José Pinheiro Pinto

José Pinheiro Pinto tem 63 anos. Nasceu no Ribeiral, em Barrô, tendo mais tarde passado a residir na Penajóia. Trabalhou na construção civil e numa serração localizada nas proximidades do Quartel da Pontinha. Encontra-se aposentado.


1. Quais são as suas recordações mais marcantes do regime do Estado Novo?
R:
Neste tempo havia muita miséria. Os meus pais tiveram seis filhos mas em minha casa nunca faltou a comida.
Recordo-me de ter de caminhar muito para chegar até à minha escola primária. Por vezes, faltava à escola pois ficava cansado de tanto andar e preferia ficar a brincar no caminho. Sempre que ia à escola era obrigado a ir buscar à casa do pai da minha professora o almoço para ela. Demorava meia hora a ir e meia hora a regressar. No saquinho do almoço encontrava-se sempre uma garrafa com vinho. A minha professora dizia-me a mim e aos meus colegas que era uma garrafa com sumo. Uma vez, sem ela ver, provei o líquido da garrafa e comprovei que se tratava de vinho branco. Recordo-me de não haver água, nem eletricidade na minha escola e na minha casa. Não havia casa de banho. Utilizávamos o mato. Tenho também memórias, que em períodos de frio, pedíamos aos vizinhos braseiras para a professora se aquecer. Também me lembro dos legionários que pertenciam à Legião Portuguesa e de não se poder usar isqueiros sem licença. Ouvia falar dos informadores da PIDE. Não se podia falar mal do Salazar. Ouvi falar várias vezes de um padre que estava ligado à PIDE. Quando se falava de pessoas ligadas à PIDE tínhamos medo.

2. Onde é que se encontrava no dia 25 de Abril de 1974? Quais são as suas memórias sobre esta revolução?
R:
Não soube que estava a ocorrer uma revolução no país, no dia 25 de Abril de 1974, pois não tínhamos televisão, nem rádio. Soube nos dias seguintes. Encontrava-me a trabalhar no campo.

3. Que impacto teve esta revolução na sua vida pessoal e/ou familiar?
R:
Esta revolução ajudou-me a entender melhor a política, a liberdade, a democracia. Devido a esta revolução percebi que os trabalhadores não deviam ter apenas obrigações mas também direitos. Esta revolução não trouxe alterações à minha vida pessoal ou familiar. Esta revolução trouxe-me apenas mais conhecimento.

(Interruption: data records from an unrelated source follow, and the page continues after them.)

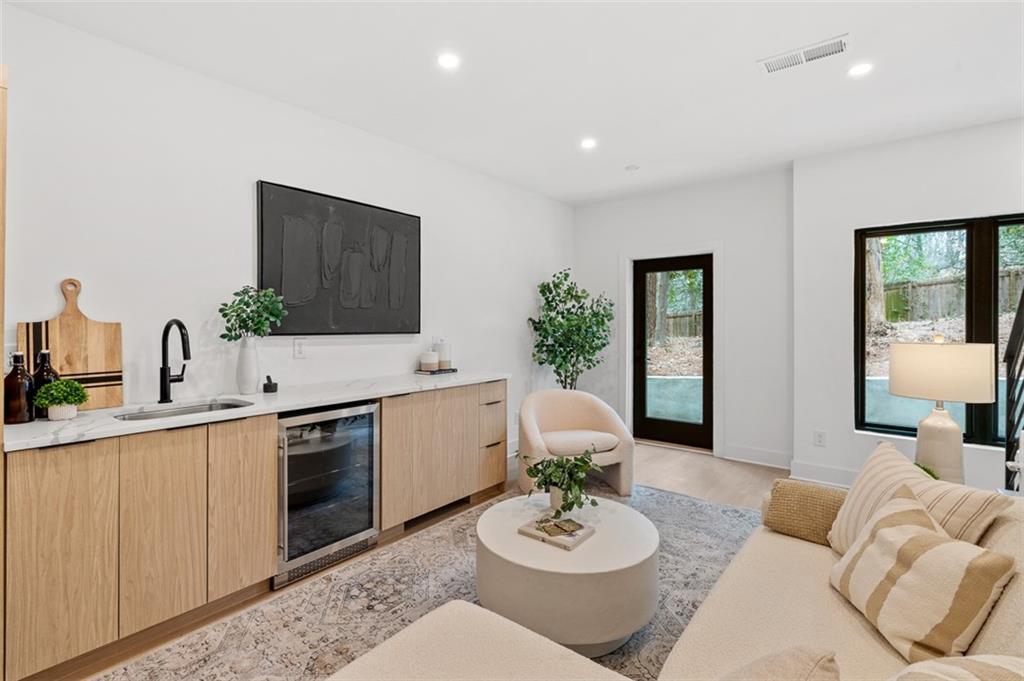 1165 Penny Ln Atlanta, GA 30329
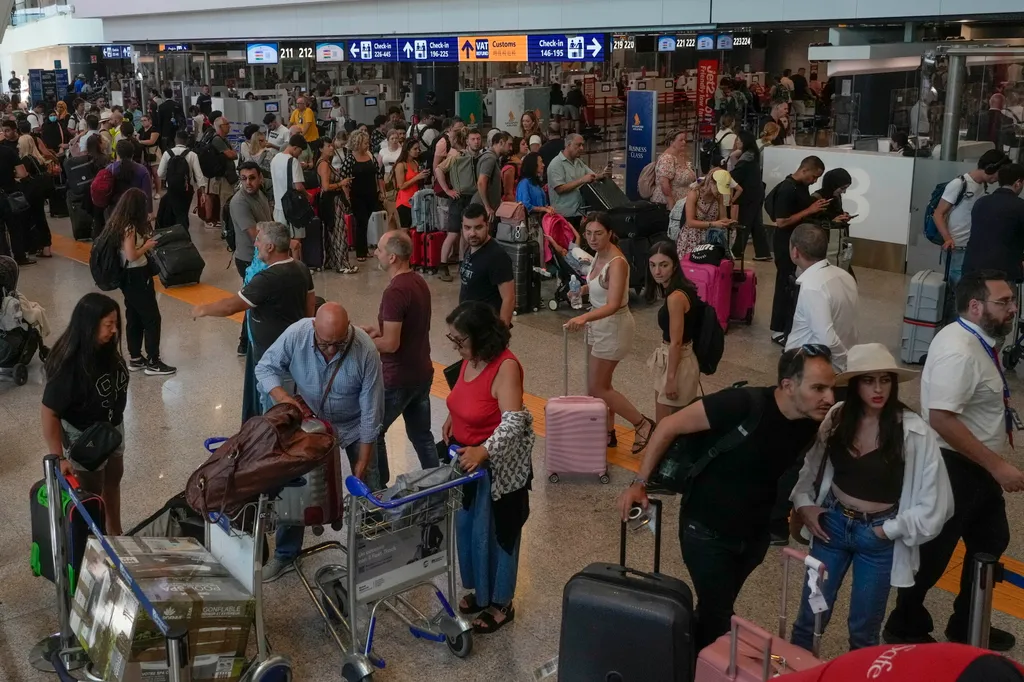Fiumicino, 2024. július 19.
Várakozó utasok Róma fiumicinói Leonardo da Vinci repülőterén 2024. július 19-én, amikor egyelőre tisztázatlan eredetű informatikai hiba akadályozza repülőterek, légitársaságok, vasutak, bankok, távközlési és médiavállalatok és más nagy rendszerek működését világszerte.
MTI/AP/Gregorio Borgia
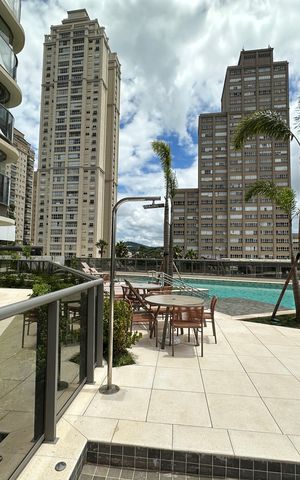 Apartamento à venda com 185m², 3 quartos e 3 vagasÁrea comum - Piscina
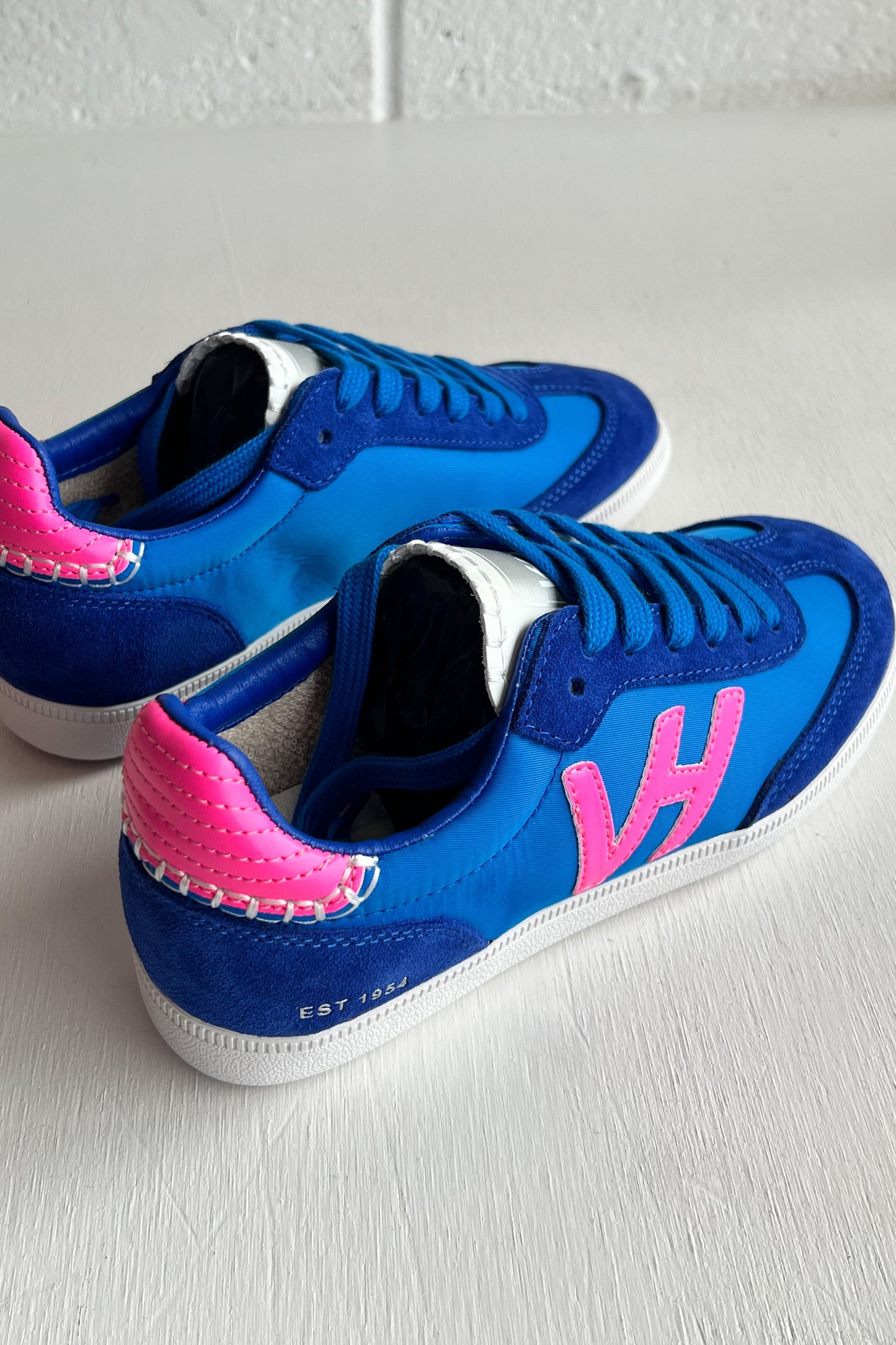 VINTAGE HAVANA | CRISP 16 ELECTRIC BLUE SNEAKERS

4. Como avalia o período que se seguiu à Revolução dos Cravos (como descreve a transição política da ditadura para a democracia, quais são as suas memórias sobre este período, foi um período que o marcou a nível pessoal e/ou familiar - justifique)?
R:
Após o 25 de Abril vim para Lisboa trabalhar na construção civil. Cheguei a assistir a uns comícios sobre o 25 de Abril, em Lisboa, julgo que para os lados de Entrecampos. Recordo-me de se falar, neste período, de vários governos, de ocupações, da reforma agrária, da expulsão de professores... Foi o período da passagem da opressão para a liberdade.

5. Peço-lhe uma reflexão sobre o modo como evoluiu a memória deste período de transição política (ditadura para a democracia) nos últimos anos.
R:
O 25 de Abril e o PREC estão na memória das pessoas que viveram neste tempo. A memória continua. Deveria falar-se mais da revolução e do processo revolucionário na televisão, jornais e nas escolas.

6. Que avaliação faz da democracia na atualidade?
R:
Portugal está melhor. Temos liberdade para falar, escrever, fazer greves. Agora já não há apenas obrigações, há também direitos. O país mudou muito no campo da economia, política, saúde e educação. Deveria haver menos corrupção.